The drugs are super-anti-depressants and it’s important young people without depression test it. Everything’s monitored, even increased height and enhanced hearing and word associations (depressives and optimists) including our happiness secretion, dopamine. One of the side-effects is the highs created make it very likely that young people on this dosage experience heightened feelings… like falling in love.
Sassy psychology-educated Connie Hall (Keziah Israel) now twenty-six (Prebble even lists weights!) finds Belfast-born Tristan Frey (Nick Farr) a mouthy thirty-year-old challenge. He’s all over her in words, indeed his drop-out uninhibited banter – he was tap dancer junior champion in 1994 then it skidded – is compelling. He’s done this before, knows how you break rules. Mobile ban? Just a control mechanism. So they text. And there’s this abandoned asylum next door. And Dr James encounters them after a long scene stealing a first kiss. They’re not meant to engage in sexual activity, all that flooding dopamine; it screws up the tests. That doesn’t stop them though.
Key exchanges between Dr James and Connie Hall discover the fact that there’s a control, of course. It helps Connie’s a psychology student and can articulate and predict Lorna’s caveats. Someone’s given a placebo. It seems Tristan is though in fact we’ve been told the opposite as Lorna James and Toby face off on the crucial debate in the play. Tristan’s ardent and now Connie question her own infatuation levels; things turn ugly. Connie decides to slip Tristan her own tablet mouth to mouth before they can be stopped. Consequences spiral.
It’s Lorna who persistently bucks under Toby’s suave assurances. He’s a seductive talker as she knows to her cost. Doing a Ted Talk handling his disdaining surgeon father’s brain is one highlight, proclaiming of his branch: ‘Thanks to people like you, the Cinderella of medicine finally got to go the ball.’
But Lorna questions the control, the predictive capacities of the mind knowing it’s on medication to mimic or create itself, placebo or not. Prebble asks what ‘natural’ is, what effect drugs really have, perhaps the history of drugs is of failing placebos. It also dangerously asks just what the limits are of consciousness, or self-creating feelings, of medicine itself. Lorna’s own depression finds the outfall of what happens too difficult. Is there a way back? Toby despite his smarm isn’t heartless. He’s helped Lorna climb back before, but what triggered the initial spiral?
Both pairs of ex and uncertain lovers face off the dramatic effects of unmonitored drugs – not just in the couple’s action either. It’s an astonishingly adroit play, muted but livid with consequences and a living not dessicated argument too.
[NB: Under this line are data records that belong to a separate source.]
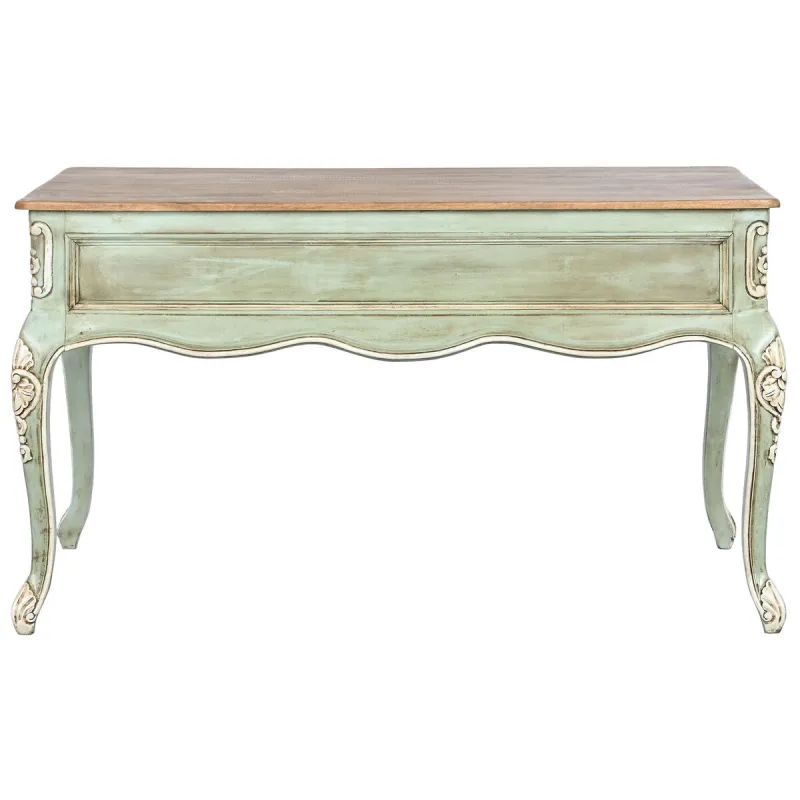 Desk Home ESPRIT Wood 75 x 133 x 68 cm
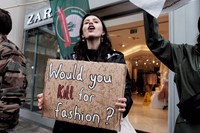 Rana Plaza protests 2023 0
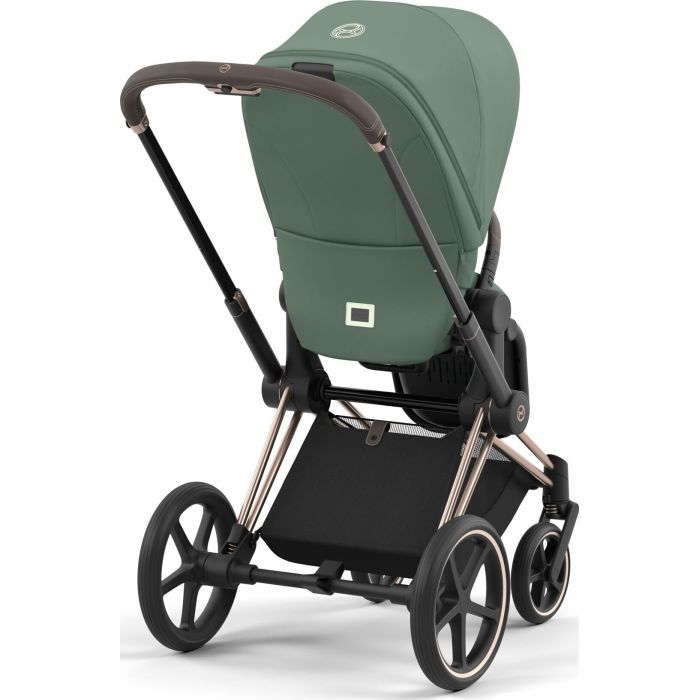 Набір текстилю для коляски Cybex Priam Mirage Grey (523000743) зображення 7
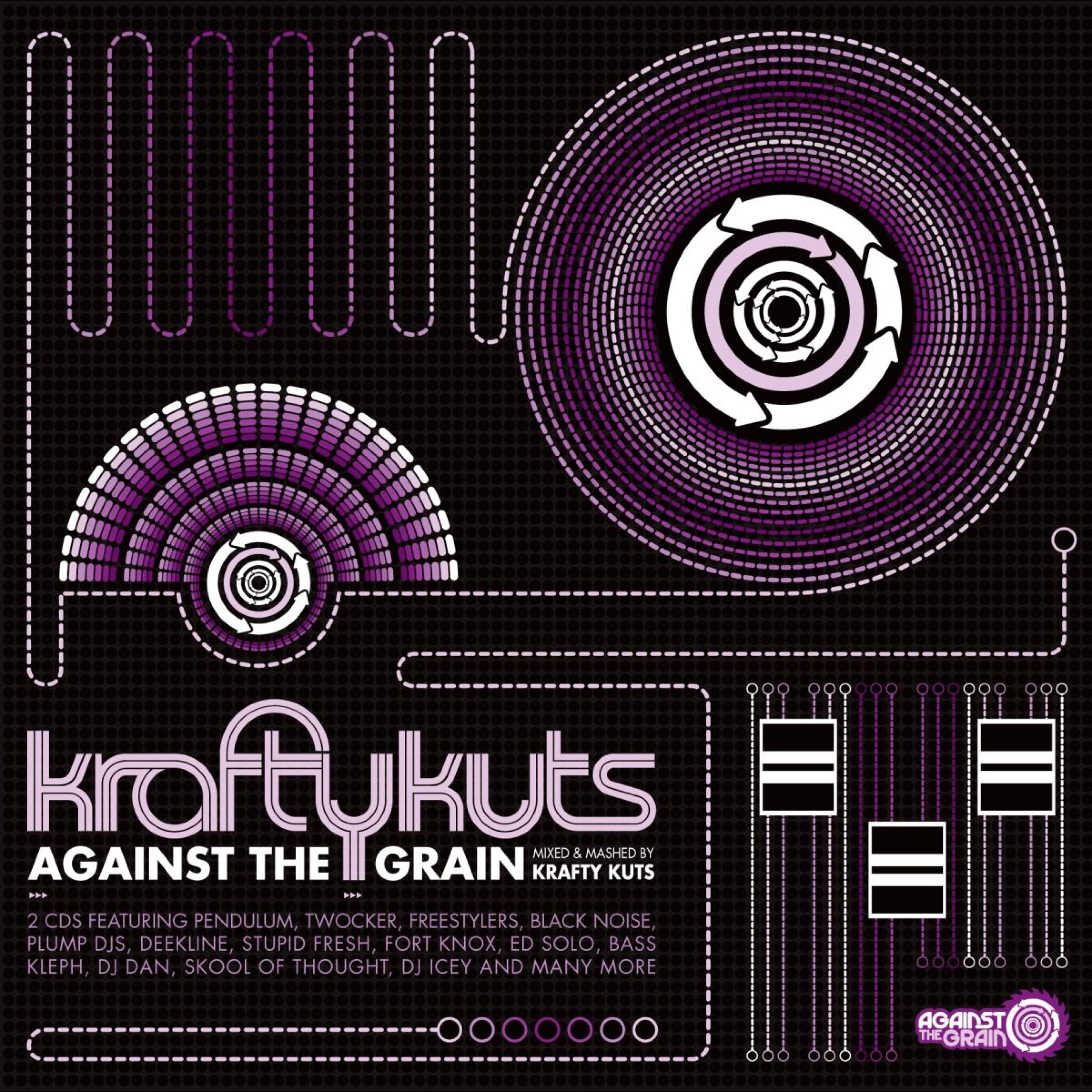 Against the Grain - Krafty Kuts Re-Rubs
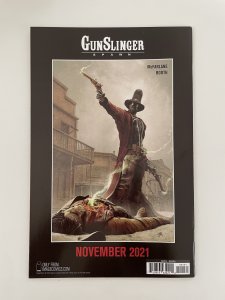 Gunslinger #1 (2021)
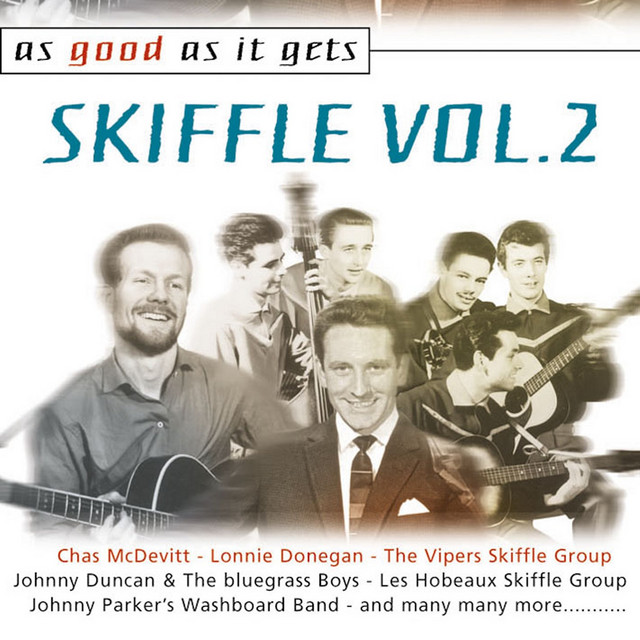 The Chris Barber Skiffle Group genres, songs, analysis and similar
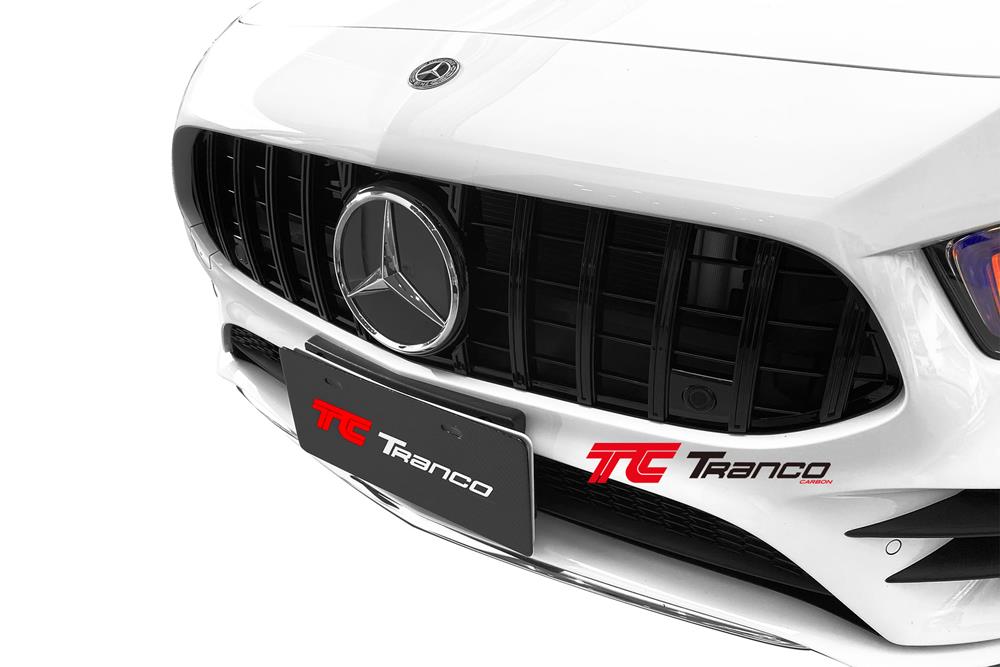 MA17710  <BR> W177 GT 亮黑 水箱罩  <BR> 適用:W177  <BR> 材質:ABS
Prebble’s luminous intelligence makes light of coruscating information and – like the height of the volunteers – raises us all by two centimetres as we watch it.
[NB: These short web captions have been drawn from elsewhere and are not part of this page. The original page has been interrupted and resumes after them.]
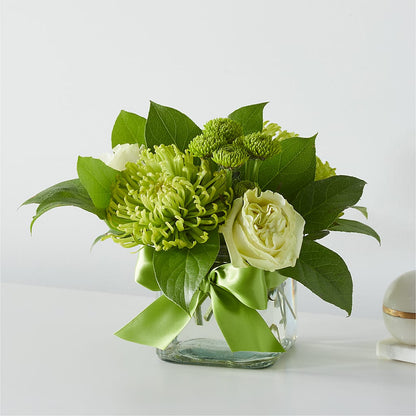 Emerald Forest Bouquet –  Blooming Designs By Michelle, Oakdale MN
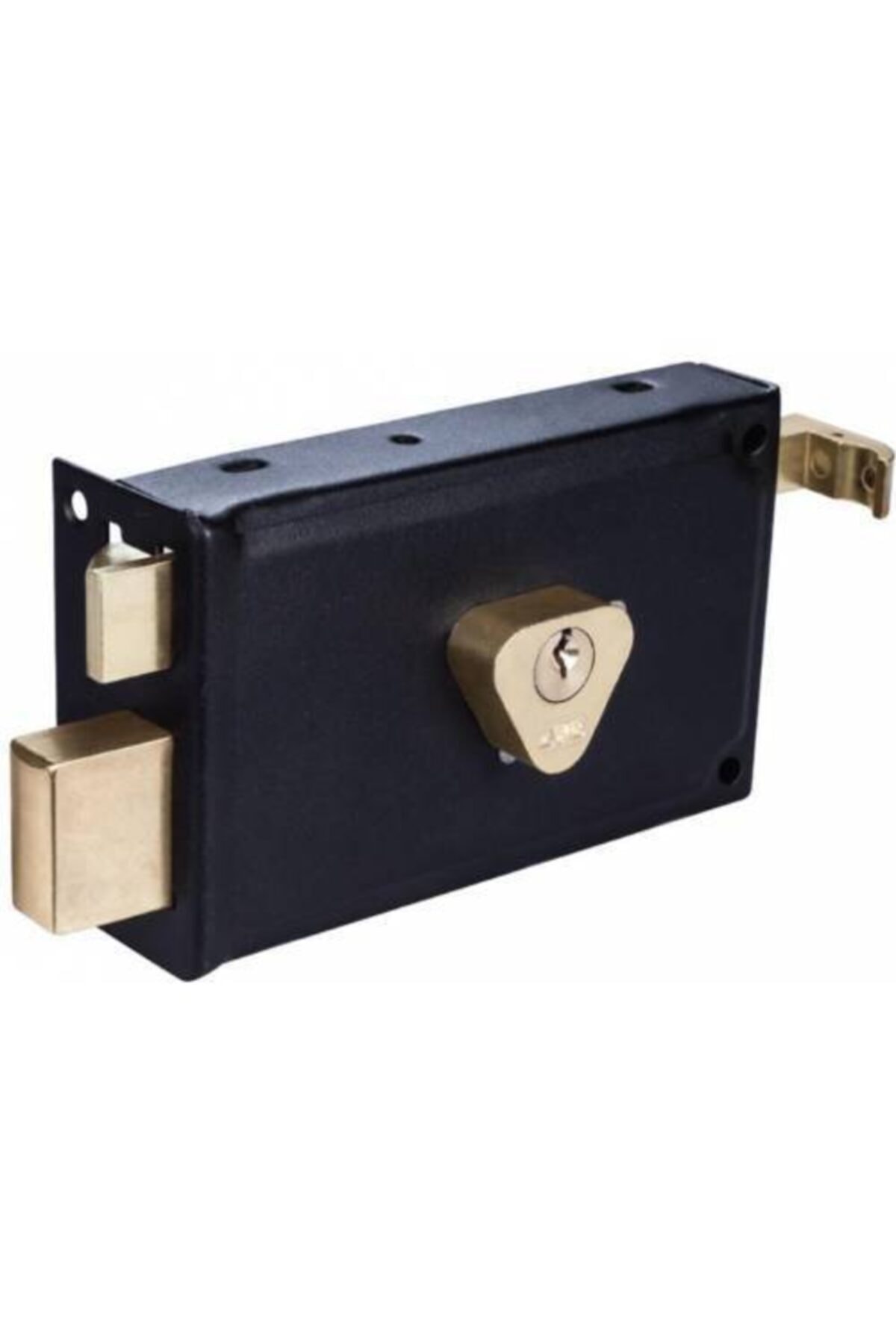 DAF 54014ee Silindirli Tirajlı Ekonomik Kilit Aynasız 140 Mm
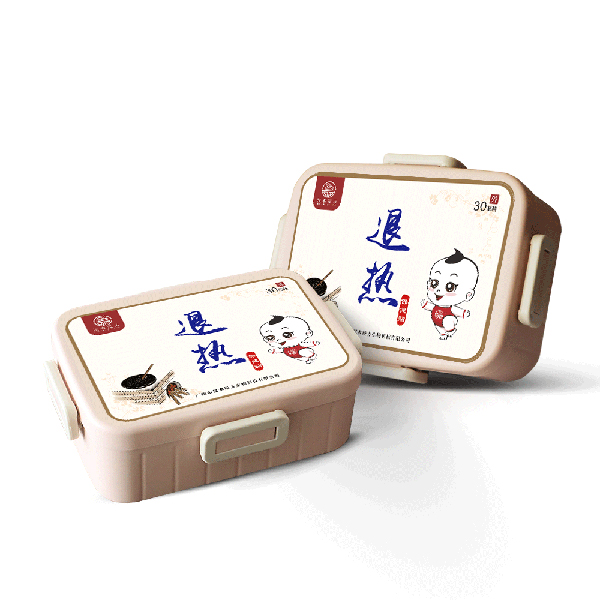 漢術(shù)經(jīng)方退熱保健貼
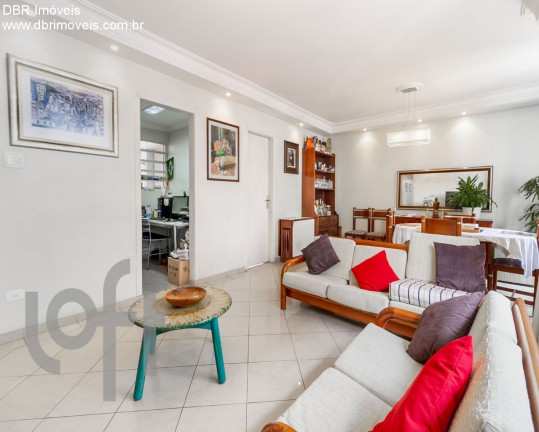 Imagem Apartamento com 3 Quartos à Venda, 126 m² em Vila Mariana - São Paulo Imagem Apartamento com 3 Quartos à Venda, 126 m² em Vila Mariana - São Paulo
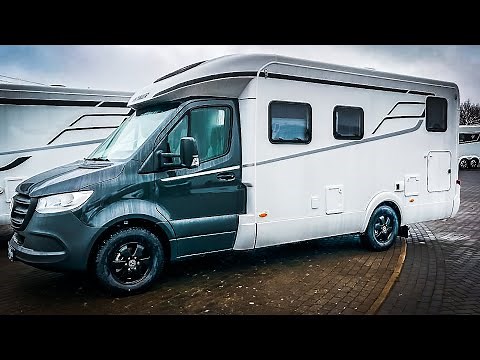 Bester 7m Wohnmobil Grundriss? | 2022 Hymer Tramp S 585 | Außen kompakt, innen groß - Stehhöhe 2,04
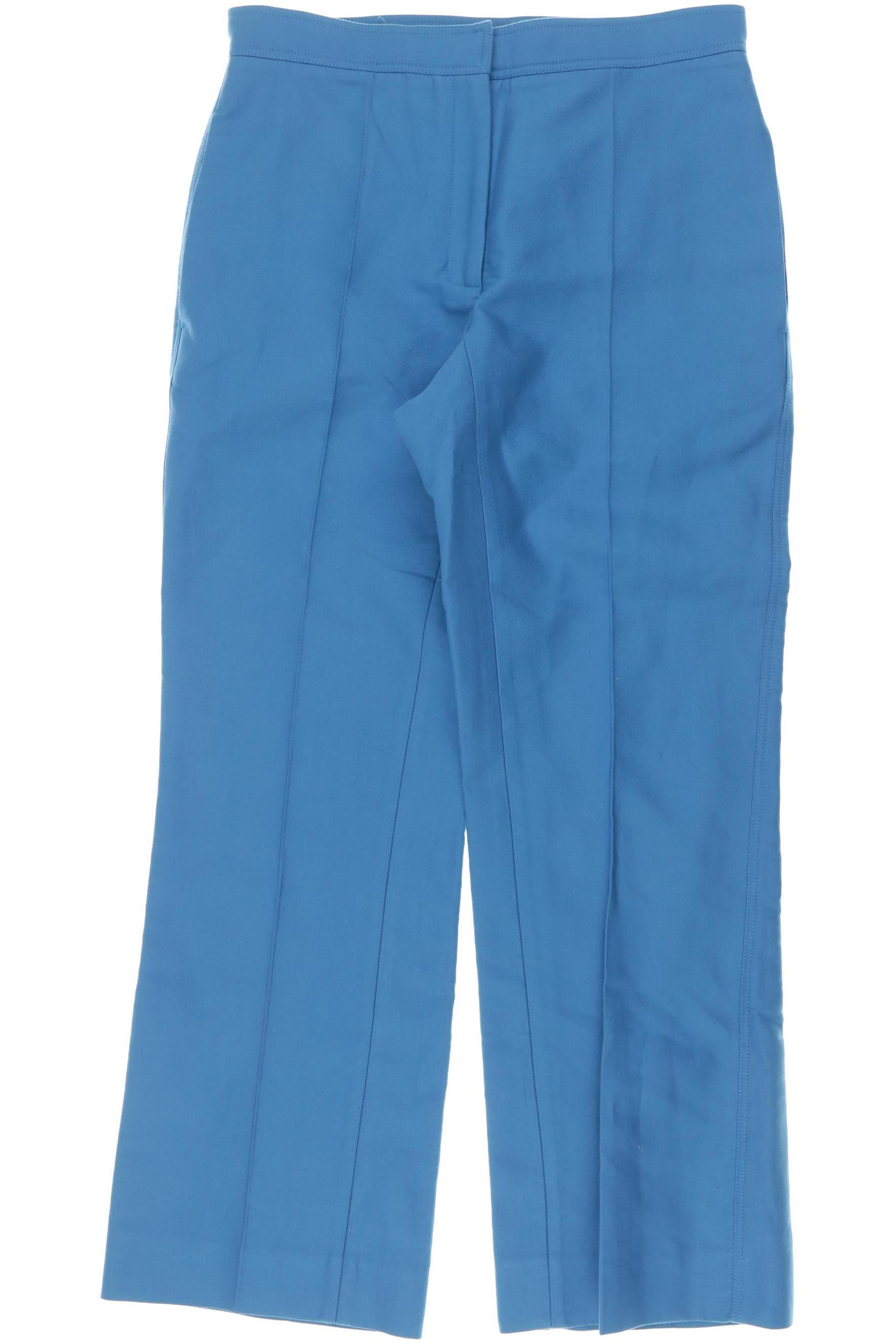 

Sandro Damen Stoffhose, blau, Gr. 36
Both Jeremy Crow and Kirilly Long give the performances of their careers (that I’ve seen) so far. Long’s containment her querulous dispensing of advice drugs and doubt describes a crumpling arc. Crow exudes the suave assurance edged with doubt as if the scollops of his own brain were beginning to fray, because of Lorna: he’s a brisk if not heartless denier of his own consequences, and beginning to face up to them he learns something else. Israel too is both keenly alert and warmly sympathetic, the bright young woman trying to contain Tristan’s more uninhibited less refined gambits and lucidly interpreting both him and herself. Farr’s excellent as the mouthy edgy troubled Tristan, always prepared to push out his burning boats. Steven Adams also appears as an unscripted medical orderly, ad-libbing as he moves beds and proffers drugs. It’s a perfect integration of stage management.
A superb way to get to know a superb play. It’s difficult to conclude anything but a kind of dopamine’s got into BLT recently; perhaps we absorb it there too. Everything they touch is enhanced, there’s a uniform excellence of cast and production here that’d look perfectly in situ in any off-West End theatre.